Every day, every hour, every instant, the increasing difficulties of our military situation were aggravated by the sight of the great number of unburied victims of battle and of the epidemic. Happy a thousand times those who were buried in the ruins of the undermined houses, as happened to the valiant defenders of the Calle de Pomar, close to the Santa Engracia! The most horrible thing was a great number of the wounded piled up together, so that nobody could get at them to help them. There was no medical aid for a hundredth part of them. The charity of women, the zeal of patriotic citizens, the multiplied activity of the hospitals, really availed nothing.

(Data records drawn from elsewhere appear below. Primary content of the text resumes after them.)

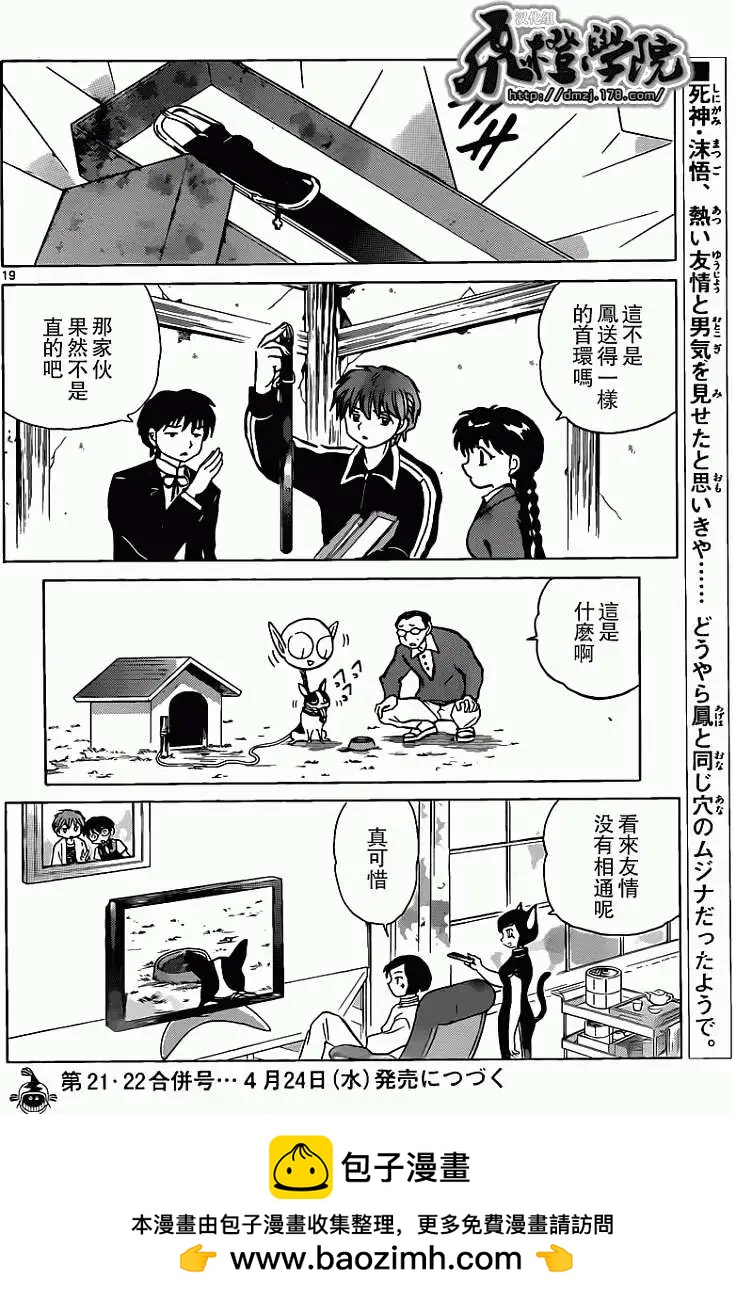 第 19 页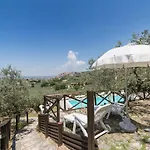 Casa Venturini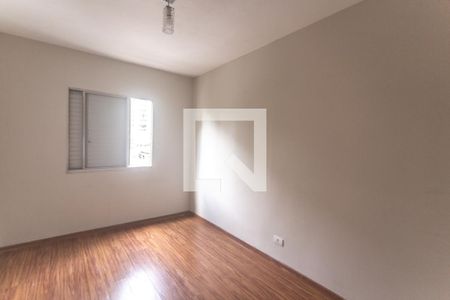 Quarto 2 de apartamento para alugar com 2 quartos, 58m² em Centro, São Bernardo do Campo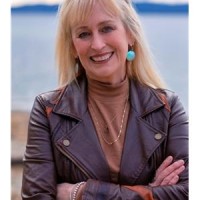 NANCY HAMILTON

There came a time when a sort of impassibility, a dreadful apathy, began to take possession of the besieged. We became used to the sight of a heap of dead bodies, as if they were so many sacks of wool. We were accustomed to see, without pity, great numbers of the wounded creeping and tottering to the houses, each one caring for himself as best he could. In the keenness of our sufferings, it seemed as if the usual necessities of the flesh had gone, and that we lived only in the spirit. Familiarity with danger had transformed our natures, infusing them apparently with a new element—absolute contempt of the material, and indifference to life. Everyone expected to die at any moment, without the idea disturbing him in the least. I remember hearing described the attack on the Trinitarios convent, made in the hope of snatching it from the French, and the fabulous exploits, the inconceivable rashness of that undertaking seemed to me natural and ordinary.
I do not know whether I have said that next to the Convent de las Mónicas was that of San Augustine, an edifice of good size, with a large church, spacious cloisters, and vast transepts. It was inevitable that the French, now masters of Las Mónicas, should show great perseverance in the effort to gain possession of this monastery, in order to establish themselves firmly and definitely in that quarter.